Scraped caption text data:
────────────────────────────────────────

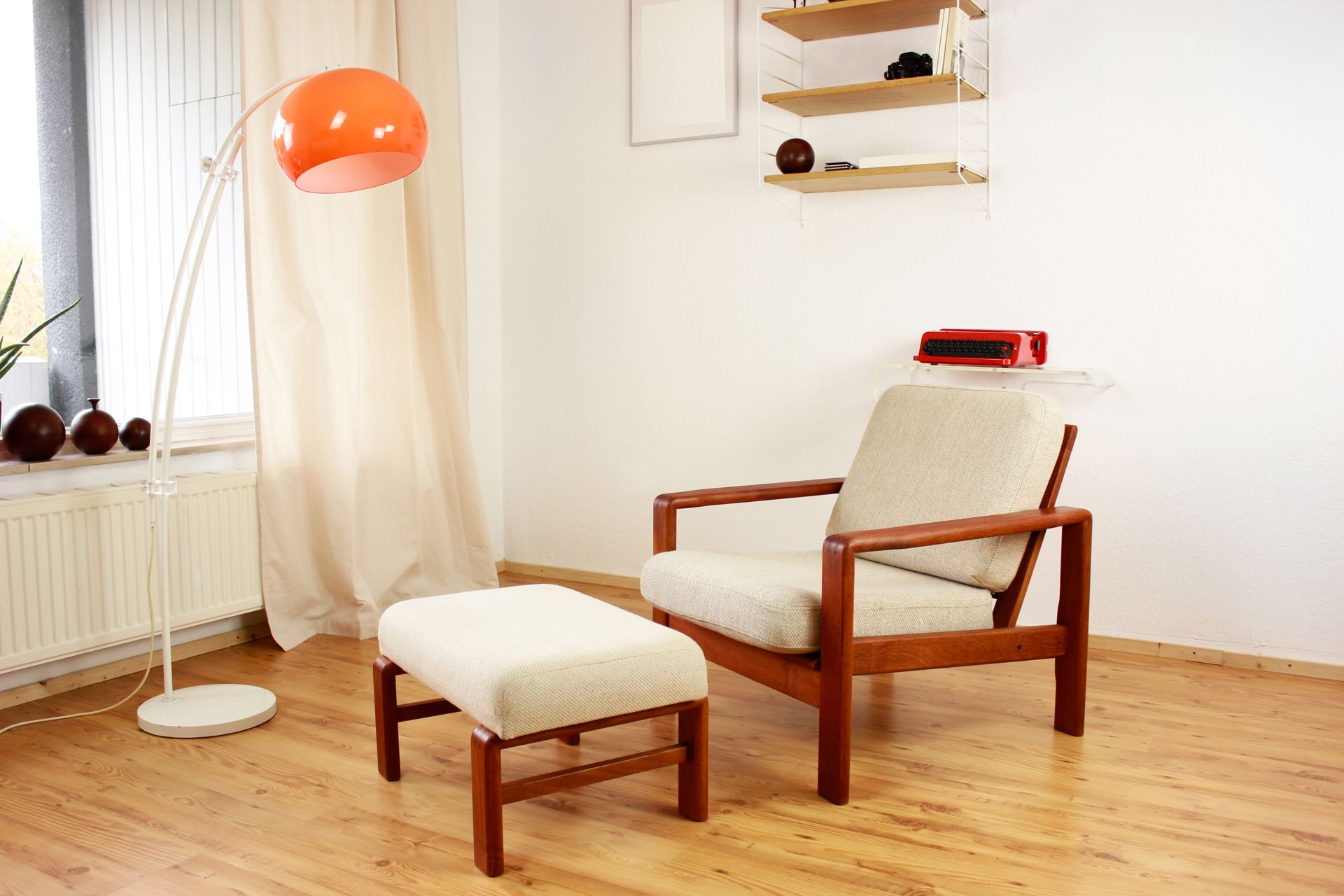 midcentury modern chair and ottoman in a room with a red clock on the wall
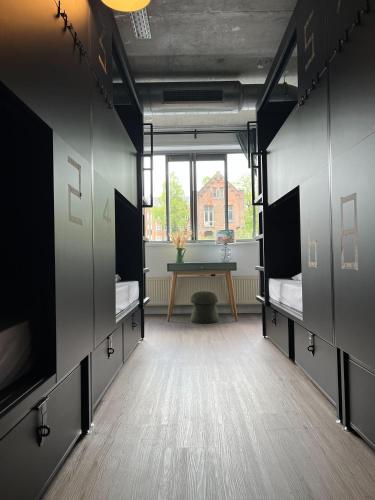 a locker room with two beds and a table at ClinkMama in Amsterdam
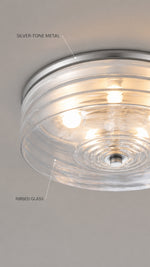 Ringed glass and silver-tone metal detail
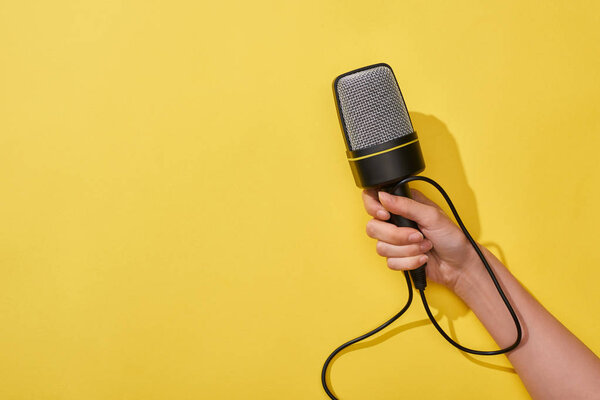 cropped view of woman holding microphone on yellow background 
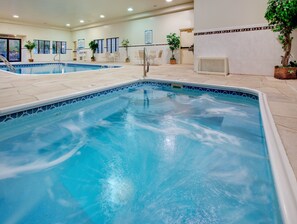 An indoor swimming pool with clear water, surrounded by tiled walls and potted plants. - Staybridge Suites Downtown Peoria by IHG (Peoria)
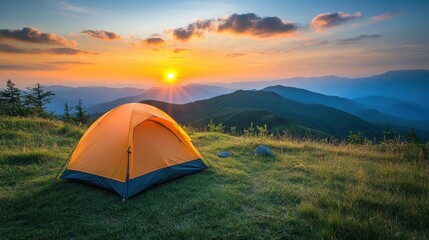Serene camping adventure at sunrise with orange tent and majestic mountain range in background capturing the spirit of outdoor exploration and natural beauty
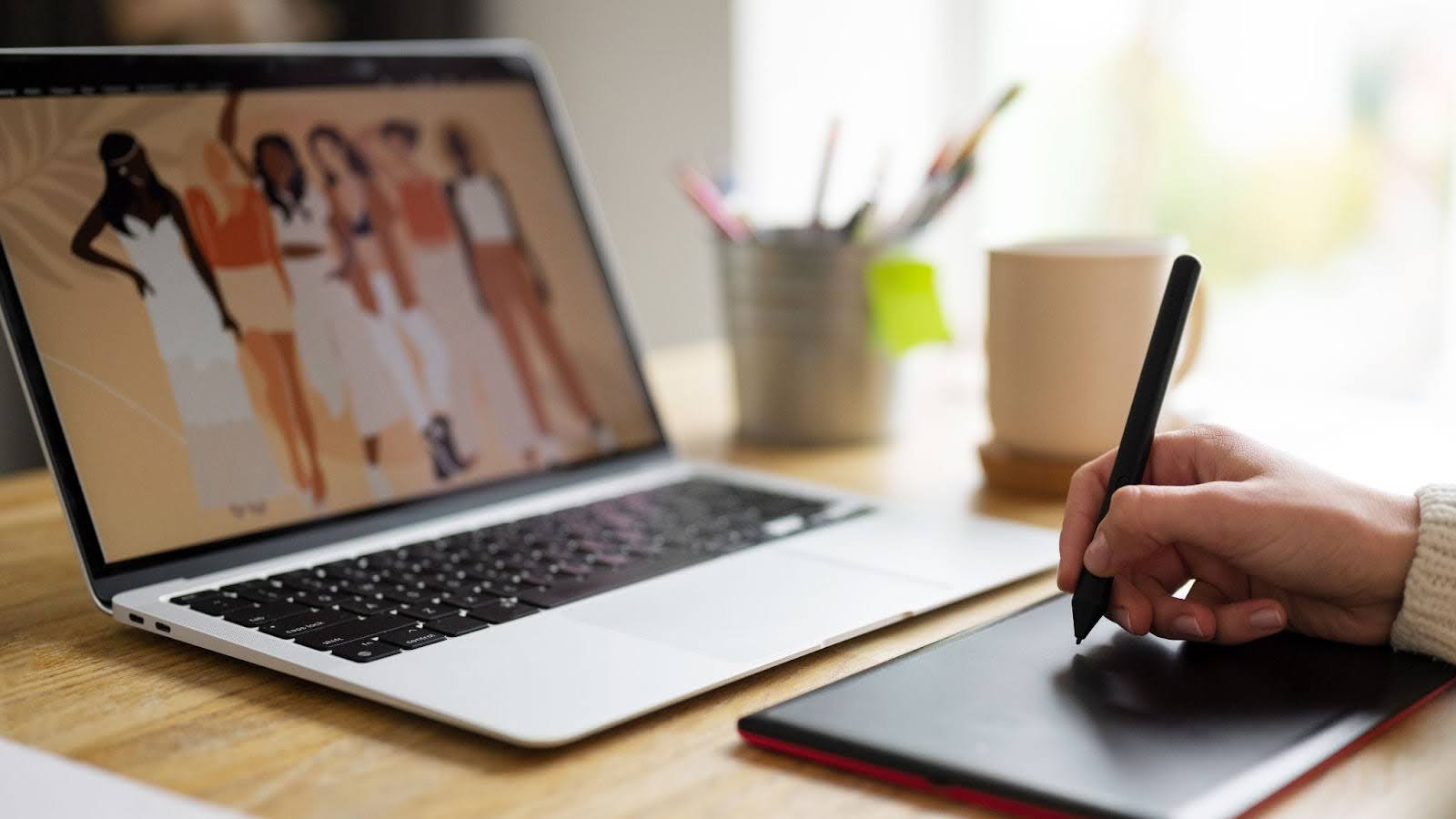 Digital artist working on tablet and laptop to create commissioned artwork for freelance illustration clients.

────────────────────────────────────────

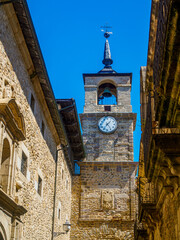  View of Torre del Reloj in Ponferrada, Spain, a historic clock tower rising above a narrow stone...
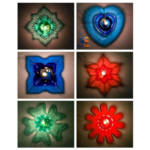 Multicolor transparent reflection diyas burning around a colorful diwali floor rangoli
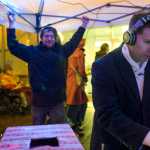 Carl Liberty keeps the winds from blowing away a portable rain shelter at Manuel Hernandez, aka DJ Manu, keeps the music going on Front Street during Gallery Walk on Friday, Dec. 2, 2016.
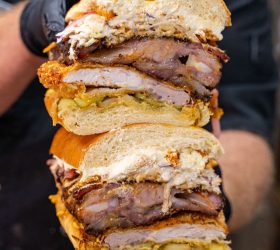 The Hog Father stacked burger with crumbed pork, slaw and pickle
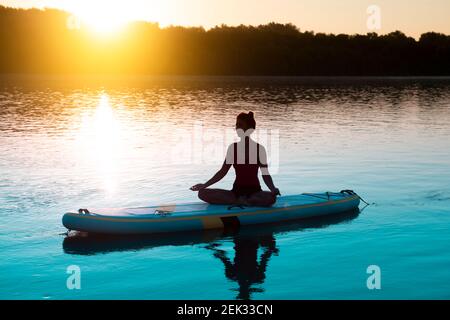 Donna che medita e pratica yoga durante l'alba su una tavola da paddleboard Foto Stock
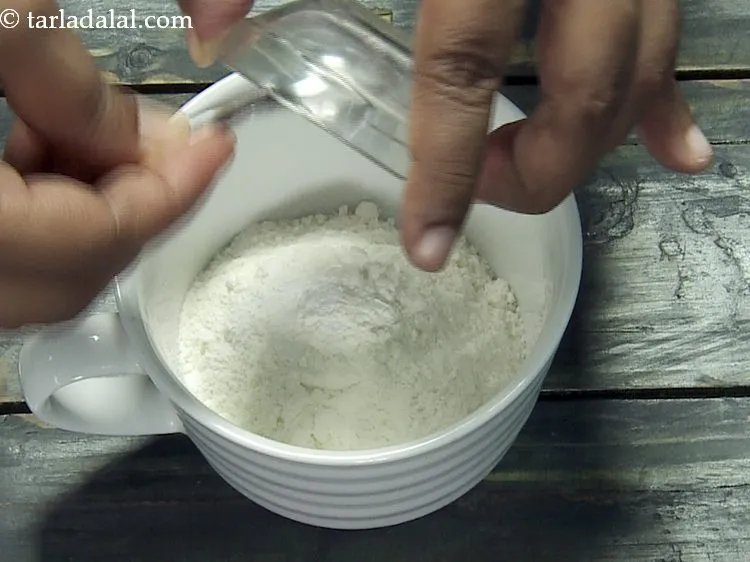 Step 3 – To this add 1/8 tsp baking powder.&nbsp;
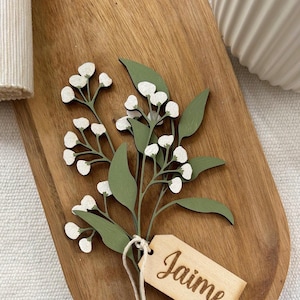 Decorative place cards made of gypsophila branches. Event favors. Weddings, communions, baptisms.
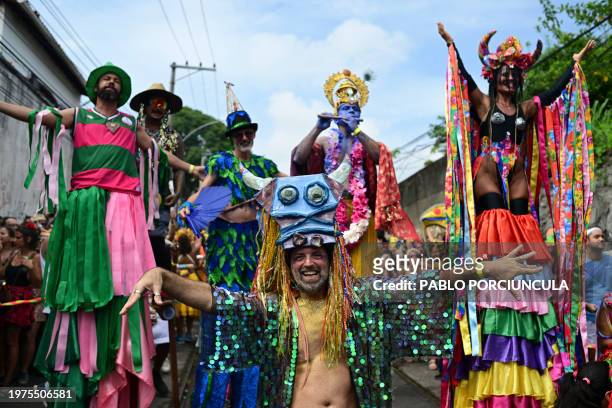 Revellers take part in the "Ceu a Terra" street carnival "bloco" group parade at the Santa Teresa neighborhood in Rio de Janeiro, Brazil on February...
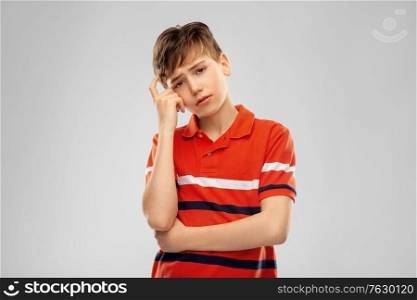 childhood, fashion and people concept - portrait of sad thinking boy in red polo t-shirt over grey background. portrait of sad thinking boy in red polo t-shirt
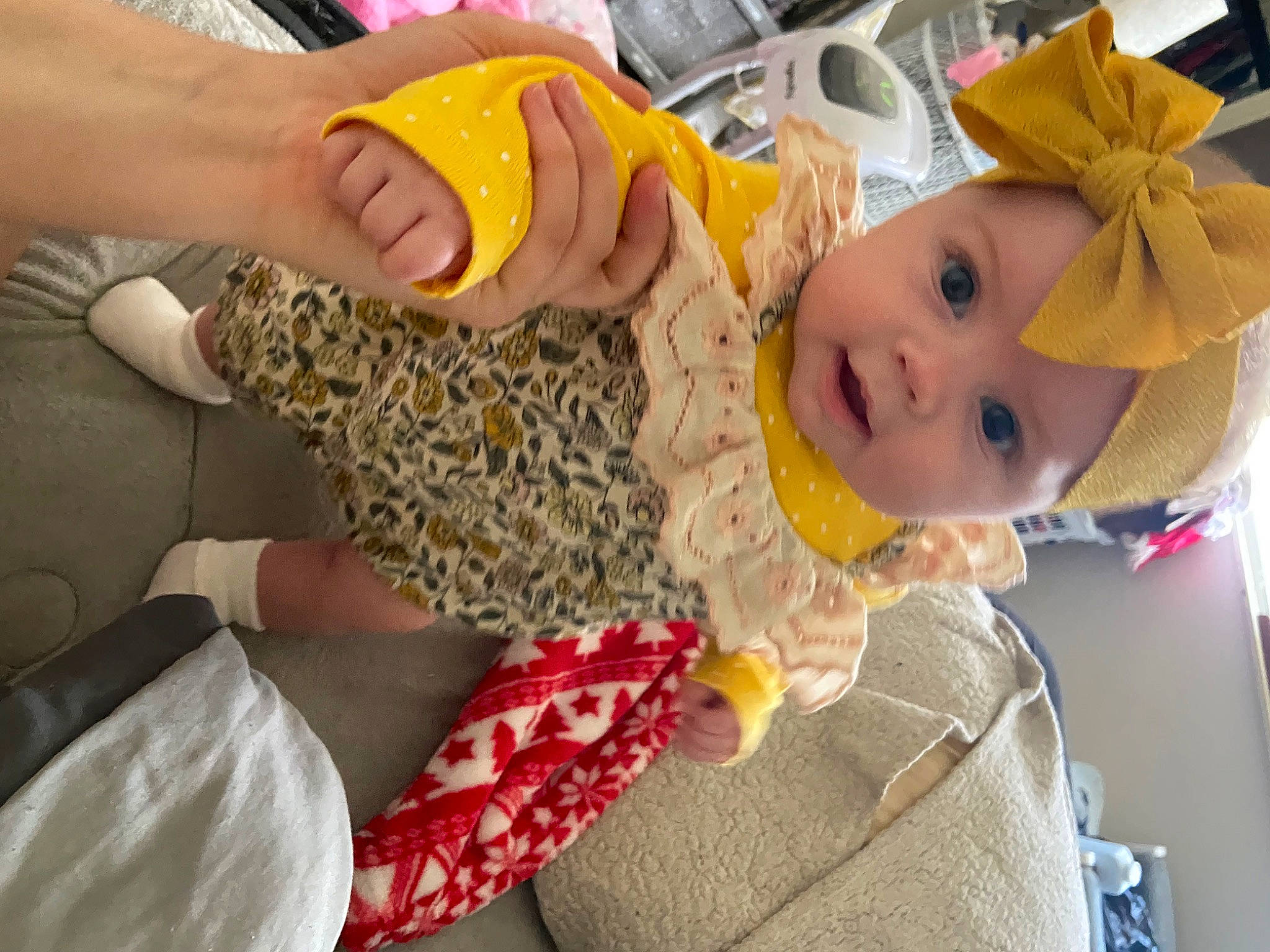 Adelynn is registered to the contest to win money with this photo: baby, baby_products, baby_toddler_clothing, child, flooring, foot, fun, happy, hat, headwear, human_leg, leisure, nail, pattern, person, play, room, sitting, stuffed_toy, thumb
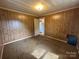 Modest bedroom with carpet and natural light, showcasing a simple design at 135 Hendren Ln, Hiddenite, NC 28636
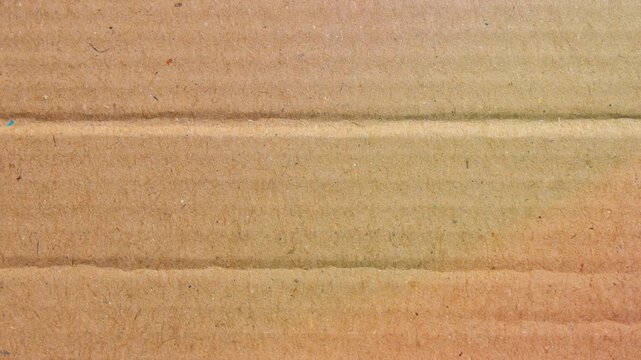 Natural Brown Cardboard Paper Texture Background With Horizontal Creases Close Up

────────────────────────────────────────

EXERCISE:
What are the lines above from the one with "Serene camping adventure" to the one with "Digital artist working", both included? Reproduce them exactly, without pictures.

ANSWER AREA:
Serene camping adventure at sunrise with orange tent and majestic mountain range in background capturing the spirit of outdoor exploration and natural beauty
 Digital artist working on tablet and laptop to create commissioned artwork for freelance illustration clients.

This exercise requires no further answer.